20 Nov 2012
Given my great love for pumpkins (and cheese!), it should come as no surprise that this is one of my fall obsessions. I make it every year. And it all began with my undergraduate advisor, who came to give a talk at Berkeley about five years ago. We were having coffee and discussing our various pursuits, scholarly and otherwise, and he mentioned this thing to me, this pumpkin thing: “Well, you gut a pumpkin and then you fill it with bread and cheese and cream and then you bake it. Pumpkin fondue!” I looked it up as soon as I got home, and now it is a fall staple around here.
Also, they look pretty gorgeous just out of the oven. You expect your academic advisor to lead you through the pratfalls of studying twentieth-century poetry, but but when he also leads you to your new favorite fall dinner, you know you’ve got a real gem.
Recipe from Gourmet
1 (15-inch) piece of baguette, cut into 1/2-inch slices (7 oz total)
1 (7-lb) orange pumpkin (I use sugar or pie pumpkins, and it’s hard to find a 7-pound one, so I usually buy two 3-4-pound ones)
1 1/2 cups heavy cream
1 cup reduced-sodium chicken or vegetable broth
1/2 teaspoon grated nutmeg
2 1/2 cups coarsely grated Gruyère (6 oz)
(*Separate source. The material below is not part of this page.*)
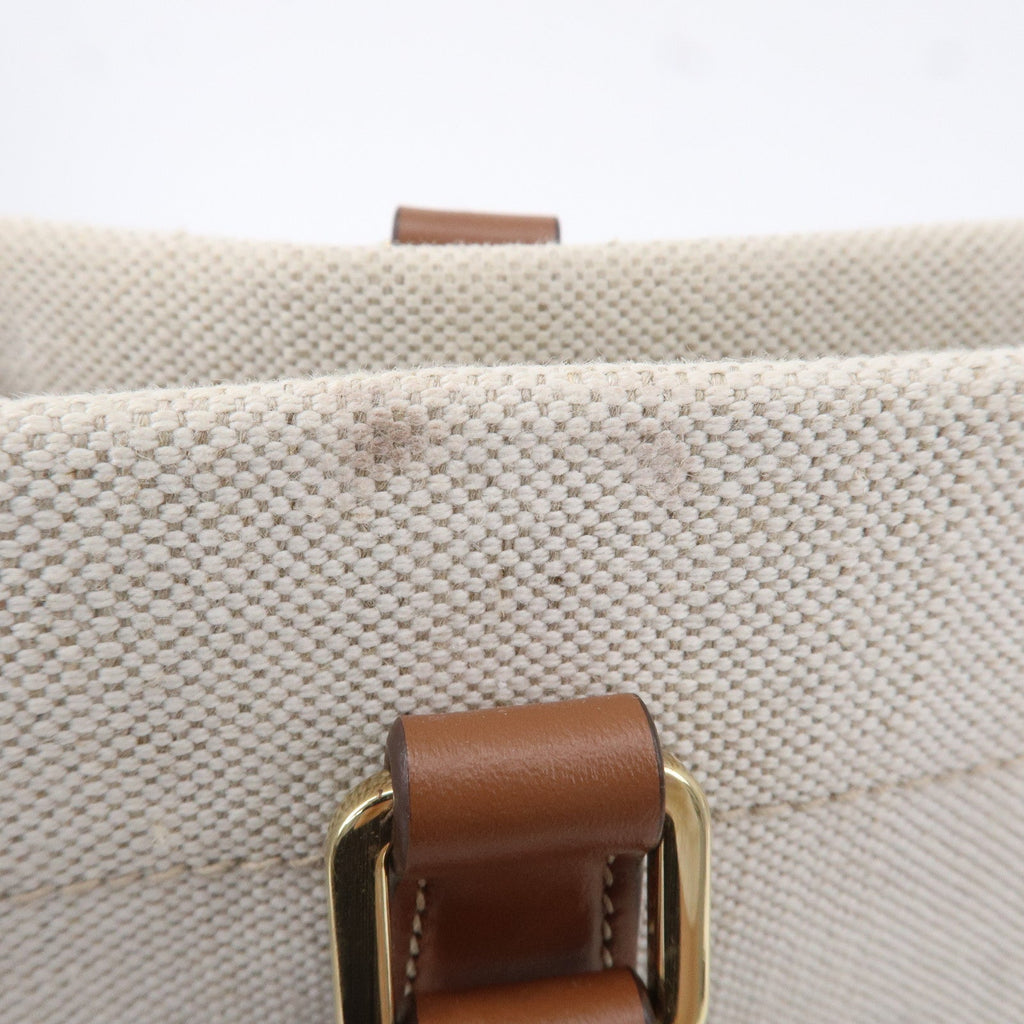 Prada Logo Canvas Linen Leather Tote Bag Ivory Brown IBG356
2 1/2 cups coarsely grated Emmental (6 oz)
1 tablespoon olive oil
-Preheat oven to 450°F with rack in lower third.
-Toast baguette slices in 1 layer on a baking sheet in oven until tops are crisp (bread will still be pale), about 7 minutes. Transfer to a rack to cool.
-Remove top of pumpkin by cutting a circle (3 inches in diameter) around stem with a small sharp knife. Scrape out seeds and any loose fibers from inside pumpkin with a spoon (including top of pumpkin; reserve seeds for another use if desired). Season inside of pumpkin with 1/2 tsp salt.
-Whisk together cream, broth, nutmeg, 1 tsp salt, and 1/2 tsp pepper in a bowl. Mix together cheeses in another bowl.
-Put a layer of toasted bread in bottom of pumpkin, then cover with about 1 cup cheese and about 1/2 cup cream mixture. Continue layering bread, cheese, and cream mixture until pumpkin is filled to about 1/2 inch from top, using all of cream mixture. (You may have some bread and cheese left over.)
-Cover pumpkin with top and put in an oiled small roasting pan. Brush outside of pumpkin all over with olive oil. Bake until pumpkin is tender and filling is puffed, 1 1/4 to 1 1/2 hours. Pumpkin can be filled 2 hours before baking and chilled.